All able-bodied adult males, who were not Muslim, had to pay a tax called Jizya. It was quite literally a protection tax as non-Muslims were exempt from military service. Payment of the tax was recognition of subjection to the State and its Laws. It also exempted you from the zakat taxes levied on Muslims for charitable purposes. Originally simply a moral obligation the first Sunni Caliph Abu Bakr made it a statutory one and in return guaranteed every man, woman and child had a guaranteed minimum annual income of 10 dirhams. Of course other communities also had charitable taxes they levied upon their own communities and Christians and Jews expected those who could afford it to give at least 10% of their income to be distributed to the poor.

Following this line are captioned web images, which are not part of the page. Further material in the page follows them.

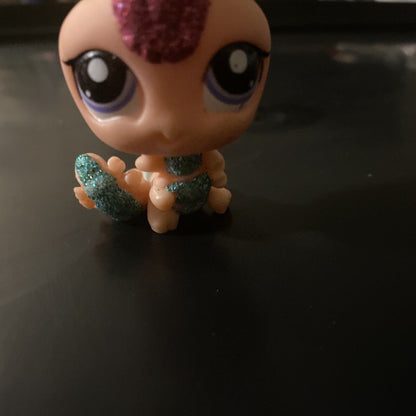 LPS Littlest Pet Shop Authentic #2145 Glitter Sparkly Bug Rare Purple Eyes 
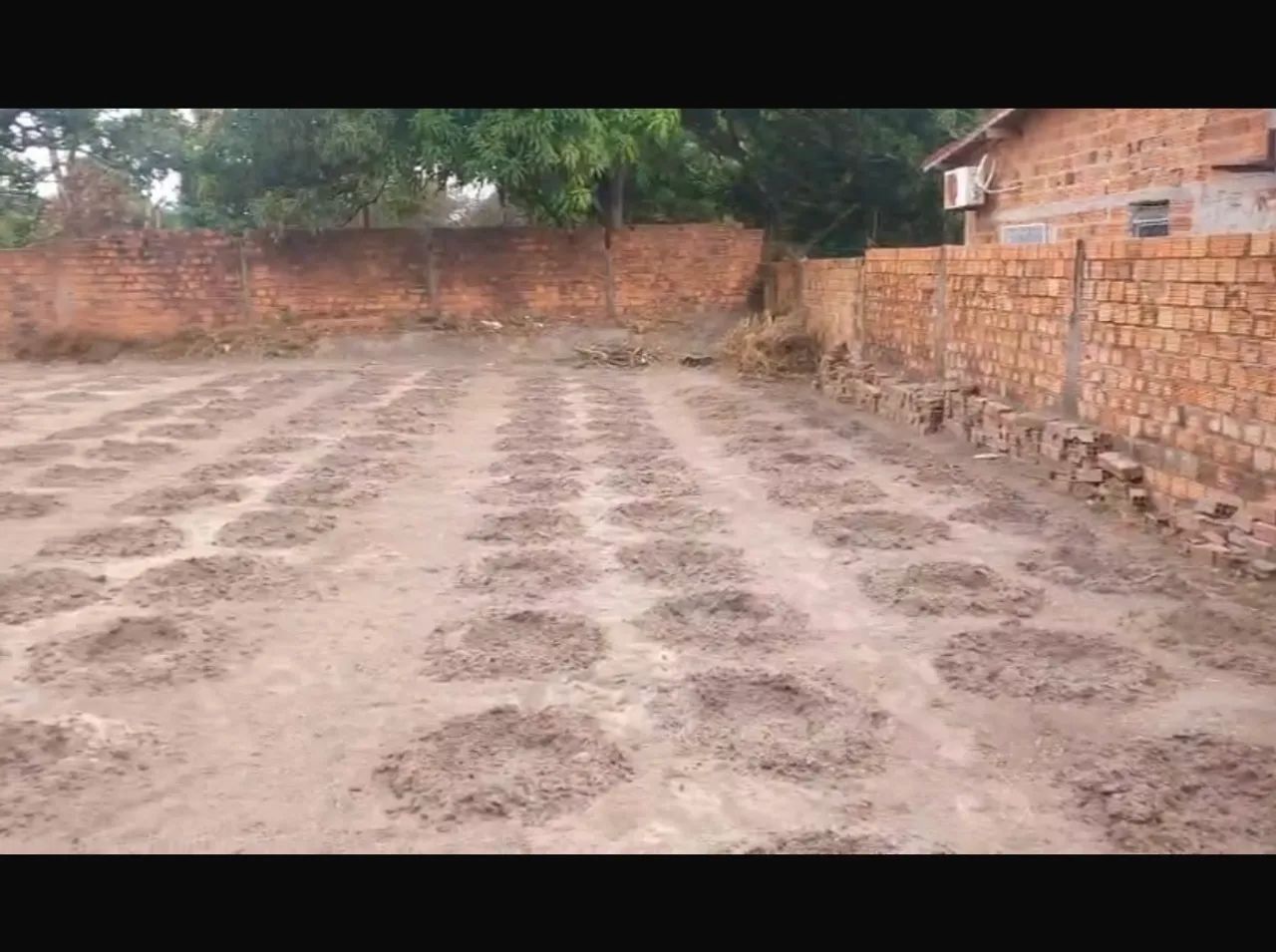 Terreno a venda no Parque Jair 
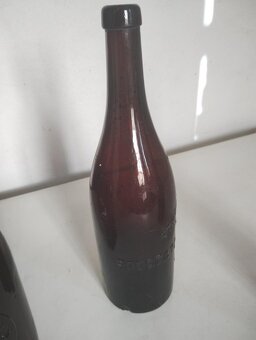 staré pivní lahve a pivní sklo - 5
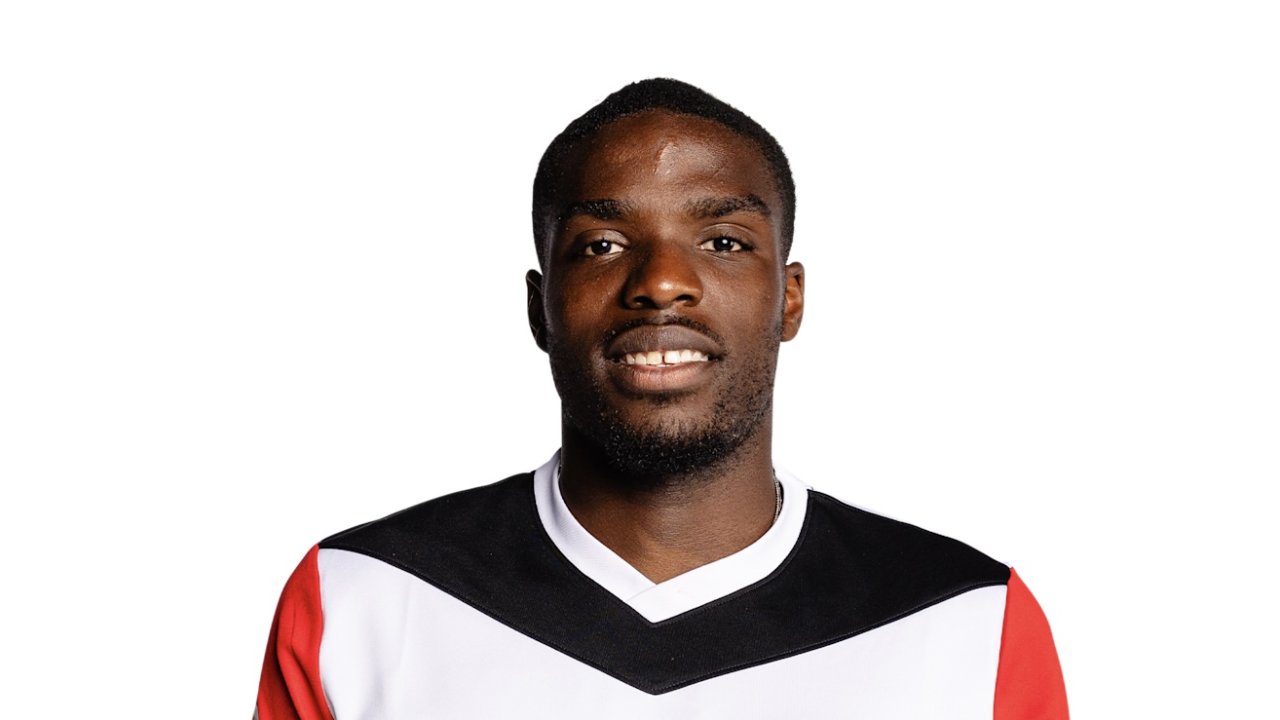 Konyaspor Niels Nkounkou ile görüşüyor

In later times the exemptions were ended and all non-Muslims regardless of age, sex or status had to pay the tax, in person, and on foot to show subjection. The Ottoman Sultans came to regard the non-Muslims as an economic resource to be regularly fleeced like their herds of sheep and goats. The humiliation of non-Muslims was often officially encouraged by rulers and jurists.
At various times and places non-Muslims were required to wear distinctive clothing or badges and forbidden to dress like anyone of wealth, breeding or education. The Taliban are apparently trying to re-introduce this for very few non-Muslims still living in Afghanistan and Pakistan, for their own protection apparently.
Under the Ottomans a further oppression was the devshirme, a forcible levy of Christian youths, the brightest, fittest and best-looking among the population, into the Imperial service, some to serve as Janissary soldiers, some in the Imperial Civil Service, and the least useful as peasant labourers. All these boys were forcibly converted and circumcised. One group who refused at the instigation of their priest were executed on the spot. Any parent refusing to surrender a son was hanged from his own door sill. Similarly any girl famed for her beauty was likely to be seized and presented by the local ruler to the Sultan as a gift.
Although some of those who prospered in their new lives were able to assist their families the system in part accounts for the intense antagonism towards Islam in the Balkans today.